### EXERCISE GOAL
The string "quartos" may appear on lines of the entries below; report how many such lines there are, and only that.

══ DATA RECORDS ══

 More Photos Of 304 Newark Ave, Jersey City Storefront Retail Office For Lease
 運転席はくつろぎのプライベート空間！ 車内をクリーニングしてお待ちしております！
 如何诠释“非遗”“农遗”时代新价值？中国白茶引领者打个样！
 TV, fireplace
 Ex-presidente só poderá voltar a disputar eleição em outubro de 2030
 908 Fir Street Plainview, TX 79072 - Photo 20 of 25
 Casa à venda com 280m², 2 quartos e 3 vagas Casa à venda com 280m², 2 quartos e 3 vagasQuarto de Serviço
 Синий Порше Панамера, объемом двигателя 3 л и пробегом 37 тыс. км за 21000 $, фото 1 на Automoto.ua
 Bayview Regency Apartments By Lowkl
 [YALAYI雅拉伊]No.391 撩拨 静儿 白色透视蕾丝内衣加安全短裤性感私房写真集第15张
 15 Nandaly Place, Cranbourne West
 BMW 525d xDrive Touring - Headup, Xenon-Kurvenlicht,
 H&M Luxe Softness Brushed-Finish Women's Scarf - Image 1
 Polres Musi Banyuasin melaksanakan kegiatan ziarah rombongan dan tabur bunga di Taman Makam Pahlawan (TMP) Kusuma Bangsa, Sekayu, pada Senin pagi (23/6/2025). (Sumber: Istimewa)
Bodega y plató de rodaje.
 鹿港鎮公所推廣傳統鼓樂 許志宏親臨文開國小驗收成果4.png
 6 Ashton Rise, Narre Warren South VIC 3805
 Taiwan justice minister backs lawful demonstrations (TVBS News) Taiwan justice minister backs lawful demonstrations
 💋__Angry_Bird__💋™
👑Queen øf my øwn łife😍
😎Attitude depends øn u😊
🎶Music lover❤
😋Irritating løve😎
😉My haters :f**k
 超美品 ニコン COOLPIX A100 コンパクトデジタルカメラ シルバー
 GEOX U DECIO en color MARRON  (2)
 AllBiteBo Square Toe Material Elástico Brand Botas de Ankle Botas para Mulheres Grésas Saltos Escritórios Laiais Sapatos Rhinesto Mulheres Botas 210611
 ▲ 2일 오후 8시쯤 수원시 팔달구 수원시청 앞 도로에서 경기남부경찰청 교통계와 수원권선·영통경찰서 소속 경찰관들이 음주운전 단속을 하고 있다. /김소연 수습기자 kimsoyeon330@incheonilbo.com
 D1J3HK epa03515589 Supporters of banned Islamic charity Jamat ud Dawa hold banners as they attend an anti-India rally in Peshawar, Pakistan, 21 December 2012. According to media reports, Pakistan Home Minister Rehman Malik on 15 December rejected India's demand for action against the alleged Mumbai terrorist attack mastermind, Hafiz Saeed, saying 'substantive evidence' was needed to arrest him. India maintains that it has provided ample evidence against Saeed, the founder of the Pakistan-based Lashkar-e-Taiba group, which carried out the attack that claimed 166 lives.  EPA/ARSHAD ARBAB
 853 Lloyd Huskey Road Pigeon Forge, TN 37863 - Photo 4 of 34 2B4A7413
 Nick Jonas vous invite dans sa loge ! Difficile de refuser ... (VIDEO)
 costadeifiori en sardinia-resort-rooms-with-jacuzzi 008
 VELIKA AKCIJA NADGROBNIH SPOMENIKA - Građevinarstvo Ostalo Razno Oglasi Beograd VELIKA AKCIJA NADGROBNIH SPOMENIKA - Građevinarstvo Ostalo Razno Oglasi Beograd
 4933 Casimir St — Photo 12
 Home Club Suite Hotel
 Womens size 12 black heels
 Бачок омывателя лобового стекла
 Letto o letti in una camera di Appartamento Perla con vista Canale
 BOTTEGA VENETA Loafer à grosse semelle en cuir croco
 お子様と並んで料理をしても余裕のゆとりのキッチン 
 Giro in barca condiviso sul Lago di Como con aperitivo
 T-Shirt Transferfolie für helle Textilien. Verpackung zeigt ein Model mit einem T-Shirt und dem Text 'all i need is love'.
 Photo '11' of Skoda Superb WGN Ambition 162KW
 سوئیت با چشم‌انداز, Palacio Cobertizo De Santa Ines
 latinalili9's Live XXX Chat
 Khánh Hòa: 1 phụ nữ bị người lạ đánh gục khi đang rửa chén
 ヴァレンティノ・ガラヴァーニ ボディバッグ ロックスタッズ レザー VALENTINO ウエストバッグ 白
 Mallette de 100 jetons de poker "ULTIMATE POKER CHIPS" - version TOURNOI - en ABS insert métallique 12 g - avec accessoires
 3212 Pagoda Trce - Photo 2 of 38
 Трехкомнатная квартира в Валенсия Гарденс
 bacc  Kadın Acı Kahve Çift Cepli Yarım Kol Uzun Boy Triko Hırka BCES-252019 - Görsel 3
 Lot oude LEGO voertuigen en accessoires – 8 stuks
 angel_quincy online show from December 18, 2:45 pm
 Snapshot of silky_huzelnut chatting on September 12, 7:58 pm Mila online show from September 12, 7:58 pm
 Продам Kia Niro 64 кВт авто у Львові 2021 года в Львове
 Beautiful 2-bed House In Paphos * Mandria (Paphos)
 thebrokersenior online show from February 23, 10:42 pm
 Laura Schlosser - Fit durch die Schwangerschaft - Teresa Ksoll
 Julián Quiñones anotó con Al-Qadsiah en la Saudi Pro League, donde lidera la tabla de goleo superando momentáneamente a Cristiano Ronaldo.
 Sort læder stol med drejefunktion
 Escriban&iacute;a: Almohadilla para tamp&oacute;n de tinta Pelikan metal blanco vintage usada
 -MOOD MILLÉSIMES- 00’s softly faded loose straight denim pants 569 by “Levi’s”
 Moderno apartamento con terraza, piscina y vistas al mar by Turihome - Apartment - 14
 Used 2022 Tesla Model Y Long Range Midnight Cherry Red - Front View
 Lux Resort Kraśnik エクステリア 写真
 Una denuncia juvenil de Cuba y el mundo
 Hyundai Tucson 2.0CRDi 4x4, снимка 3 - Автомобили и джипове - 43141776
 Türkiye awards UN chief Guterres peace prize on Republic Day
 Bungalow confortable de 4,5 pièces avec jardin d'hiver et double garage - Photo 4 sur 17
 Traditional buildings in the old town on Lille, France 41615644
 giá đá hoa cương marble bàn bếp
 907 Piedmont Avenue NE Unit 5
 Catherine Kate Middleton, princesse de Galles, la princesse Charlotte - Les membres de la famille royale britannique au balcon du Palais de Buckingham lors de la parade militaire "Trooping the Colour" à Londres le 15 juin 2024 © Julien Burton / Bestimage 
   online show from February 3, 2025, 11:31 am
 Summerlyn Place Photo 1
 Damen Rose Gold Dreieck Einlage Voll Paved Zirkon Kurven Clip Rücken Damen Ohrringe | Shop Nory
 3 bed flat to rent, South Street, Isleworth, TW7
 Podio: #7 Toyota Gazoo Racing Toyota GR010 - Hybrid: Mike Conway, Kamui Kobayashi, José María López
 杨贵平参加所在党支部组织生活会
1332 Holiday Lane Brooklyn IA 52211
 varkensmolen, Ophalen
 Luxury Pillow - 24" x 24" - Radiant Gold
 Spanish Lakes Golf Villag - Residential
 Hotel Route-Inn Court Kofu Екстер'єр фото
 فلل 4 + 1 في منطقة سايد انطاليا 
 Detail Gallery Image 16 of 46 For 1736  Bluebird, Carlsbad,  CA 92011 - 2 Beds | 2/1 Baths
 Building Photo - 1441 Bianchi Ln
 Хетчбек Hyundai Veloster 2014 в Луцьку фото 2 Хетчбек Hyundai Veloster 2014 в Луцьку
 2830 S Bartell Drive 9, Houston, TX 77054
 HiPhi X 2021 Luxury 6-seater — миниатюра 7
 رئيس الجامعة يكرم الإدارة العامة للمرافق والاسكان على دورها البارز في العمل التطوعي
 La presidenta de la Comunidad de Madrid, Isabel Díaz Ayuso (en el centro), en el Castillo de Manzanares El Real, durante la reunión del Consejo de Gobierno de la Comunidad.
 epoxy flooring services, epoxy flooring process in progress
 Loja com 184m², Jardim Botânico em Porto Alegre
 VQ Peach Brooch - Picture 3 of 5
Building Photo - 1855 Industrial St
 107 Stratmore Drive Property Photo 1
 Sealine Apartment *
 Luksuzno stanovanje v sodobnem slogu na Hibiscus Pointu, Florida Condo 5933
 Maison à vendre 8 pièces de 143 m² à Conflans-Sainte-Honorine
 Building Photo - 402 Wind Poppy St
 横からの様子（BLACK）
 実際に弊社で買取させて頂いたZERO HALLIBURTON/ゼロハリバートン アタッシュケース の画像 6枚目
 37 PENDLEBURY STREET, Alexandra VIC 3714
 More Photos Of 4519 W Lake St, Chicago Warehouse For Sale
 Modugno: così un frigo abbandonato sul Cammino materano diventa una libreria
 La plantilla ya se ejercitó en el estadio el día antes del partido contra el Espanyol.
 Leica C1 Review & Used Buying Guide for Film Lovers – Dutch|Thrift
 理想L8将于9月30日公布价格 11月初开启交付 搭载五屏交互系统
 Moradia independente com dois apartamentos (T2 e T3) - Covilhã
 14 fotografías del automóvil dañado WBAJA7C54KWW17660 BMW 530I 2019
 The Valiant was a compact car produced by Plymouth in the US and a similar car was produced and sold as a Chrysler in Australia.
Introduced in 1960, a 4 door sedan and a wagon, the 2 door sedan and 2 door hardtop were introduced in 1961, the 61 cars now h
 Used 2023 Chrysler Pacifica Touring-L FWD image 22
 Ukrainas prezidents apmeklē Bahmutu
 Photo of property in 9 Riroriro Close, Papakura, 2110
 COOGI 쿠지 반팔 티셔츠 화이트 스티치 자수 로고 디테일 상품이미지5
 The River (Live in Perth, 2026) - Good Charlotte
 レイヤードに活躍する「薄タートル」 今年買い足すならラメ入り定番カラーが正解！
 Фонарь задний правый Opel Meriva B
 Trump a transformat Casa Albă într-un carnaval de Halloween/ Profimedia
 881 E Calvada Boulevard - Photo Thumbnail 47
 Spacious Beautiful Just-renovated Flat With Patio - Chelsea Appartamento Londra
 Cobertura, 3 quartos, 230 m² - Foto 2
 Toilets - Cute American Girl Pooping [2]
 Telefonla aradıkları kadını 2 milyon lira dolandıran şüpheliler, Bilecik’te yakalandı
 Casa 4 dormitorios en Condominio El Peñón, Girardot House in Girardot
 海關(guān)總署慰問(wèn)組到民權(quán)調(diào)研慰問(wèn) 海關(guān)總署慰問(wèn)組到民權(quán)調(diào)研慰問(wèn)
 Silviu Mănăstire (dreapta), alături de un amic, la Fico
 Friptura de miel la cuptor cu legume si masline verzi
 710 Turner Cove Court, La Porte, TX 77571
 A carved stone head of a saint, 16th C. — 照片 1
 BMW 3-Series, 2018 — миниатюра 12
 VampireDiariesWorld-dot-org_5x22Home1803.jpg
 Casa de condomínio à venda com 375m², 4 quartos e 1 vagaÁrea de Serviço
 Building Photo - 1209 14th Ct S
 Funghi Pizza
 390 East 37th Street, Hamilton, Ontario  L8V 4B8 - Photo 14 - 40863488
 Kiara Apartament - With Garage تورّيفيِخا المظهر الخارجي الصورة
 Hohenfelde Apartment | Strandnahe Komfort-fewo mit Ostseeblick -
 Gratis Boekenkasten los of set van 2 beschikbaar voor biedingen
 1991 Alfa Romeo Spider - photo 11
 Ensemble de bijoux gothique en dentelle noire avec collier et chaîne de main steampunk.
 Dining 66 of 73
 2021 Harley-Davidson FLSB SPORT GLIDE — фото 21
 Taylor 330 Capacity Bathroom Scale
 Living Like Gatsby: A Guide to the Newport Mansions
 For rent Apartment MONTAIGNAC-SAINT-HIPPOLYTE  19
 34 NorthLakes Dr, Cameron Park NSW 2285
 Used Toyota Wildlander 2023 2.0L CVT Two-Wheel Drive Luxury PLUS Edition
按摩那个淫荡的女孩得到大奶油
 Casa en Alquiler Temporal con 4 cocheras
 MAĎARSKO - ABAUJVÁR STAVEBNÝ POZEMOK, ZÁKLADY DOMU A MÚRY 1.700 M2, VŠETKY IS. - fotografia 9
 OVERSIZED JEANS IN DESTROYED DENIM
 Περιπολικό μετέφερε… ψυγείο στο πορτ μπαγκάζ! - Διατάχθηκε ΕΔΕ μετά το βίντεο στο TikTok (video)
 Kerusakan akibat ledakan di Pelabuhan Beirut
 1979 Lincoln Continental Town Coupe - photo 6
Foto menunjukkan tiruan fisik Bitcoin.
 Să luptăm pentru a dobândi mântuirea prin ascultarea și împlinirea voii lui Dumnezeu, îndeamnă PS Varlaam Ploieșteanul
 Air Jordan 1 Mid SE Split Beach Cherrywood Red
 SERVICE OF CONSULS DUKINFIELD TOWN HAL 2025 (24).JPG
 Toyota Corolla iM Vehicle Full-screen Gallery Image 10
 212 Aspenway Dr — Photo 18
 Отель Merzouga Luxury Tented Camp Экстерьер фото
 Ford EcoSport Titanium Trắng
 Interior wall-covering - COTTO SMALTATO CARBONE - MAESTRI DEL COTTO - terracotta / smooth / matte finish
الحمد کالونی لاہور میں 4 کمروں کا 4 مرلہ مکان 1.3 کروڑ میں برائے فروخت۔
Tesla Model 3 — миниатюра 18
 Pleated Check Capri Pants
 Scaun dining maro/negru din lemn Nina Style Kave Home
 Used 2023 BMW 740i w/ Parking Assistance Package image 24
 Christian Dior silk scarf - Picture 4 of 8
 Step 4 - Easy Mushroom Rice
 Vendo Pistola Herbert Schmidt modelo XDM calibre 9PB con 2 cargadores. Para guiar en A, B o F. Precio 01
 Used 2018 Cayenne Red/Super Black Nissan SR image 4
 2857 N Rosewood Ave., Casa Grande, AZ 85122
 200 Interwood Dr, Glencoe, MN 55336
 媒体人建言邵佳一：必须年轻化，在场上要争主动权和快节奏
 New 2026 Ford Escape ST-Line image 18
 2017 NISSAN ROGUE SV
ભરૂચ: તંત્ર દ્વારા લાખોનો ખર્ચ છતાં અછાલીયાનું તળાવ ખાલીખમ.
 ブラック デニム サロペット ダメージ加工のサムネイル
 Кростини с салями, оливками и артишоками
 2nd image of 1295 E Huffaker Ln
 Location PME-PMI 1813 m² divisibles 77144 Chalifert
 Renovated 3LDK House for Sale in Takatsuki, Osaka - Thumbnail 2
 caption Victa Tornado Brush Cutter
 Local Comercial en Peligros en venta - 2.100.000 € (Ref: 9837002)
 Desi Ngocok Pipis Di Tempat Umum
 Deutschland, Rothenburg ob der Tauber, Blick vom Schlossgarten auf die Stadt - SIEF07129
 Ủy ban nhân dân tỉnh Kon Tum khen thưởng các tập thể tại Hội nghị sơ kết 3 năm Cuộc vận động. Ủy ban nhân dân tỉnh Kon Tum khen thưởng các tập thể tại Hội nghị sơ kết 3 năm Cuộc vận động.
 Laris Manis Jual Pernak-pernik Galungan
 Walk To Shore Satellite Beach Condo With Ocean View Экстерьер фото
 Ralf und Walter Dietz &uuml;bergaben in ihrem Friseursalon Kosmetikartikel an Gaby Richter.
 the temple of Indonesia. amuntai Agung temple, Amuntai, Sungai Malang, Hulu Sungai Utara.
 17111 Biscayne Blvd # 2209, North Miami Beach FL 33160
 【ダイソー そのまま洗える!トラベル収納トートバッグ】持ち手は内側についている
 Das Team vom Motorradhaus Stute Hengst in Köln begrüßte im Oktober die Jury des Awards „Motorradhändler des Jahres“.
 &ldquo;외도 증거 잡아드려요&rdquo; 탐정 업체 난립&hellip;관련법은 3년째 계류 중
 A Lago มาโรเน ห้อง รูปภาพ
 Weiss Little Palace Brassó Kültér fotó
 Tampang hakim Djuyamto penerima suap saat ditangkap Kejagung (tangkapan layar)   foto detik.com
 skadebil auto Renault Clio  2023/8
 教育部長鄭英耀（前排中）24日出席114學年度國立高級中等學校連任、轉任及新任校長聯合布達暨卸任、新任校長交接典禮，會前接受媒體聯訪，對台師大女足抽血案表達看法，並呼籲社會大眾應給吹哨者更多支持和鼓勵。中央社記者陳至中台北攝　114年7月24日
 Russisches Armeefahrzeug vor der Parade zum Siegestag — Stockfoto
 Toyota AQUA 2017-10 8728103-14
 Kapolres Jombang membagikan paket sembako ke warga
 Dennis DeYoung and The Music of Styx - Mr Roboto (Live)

═══

### REPLY TO THE EXERCISE
3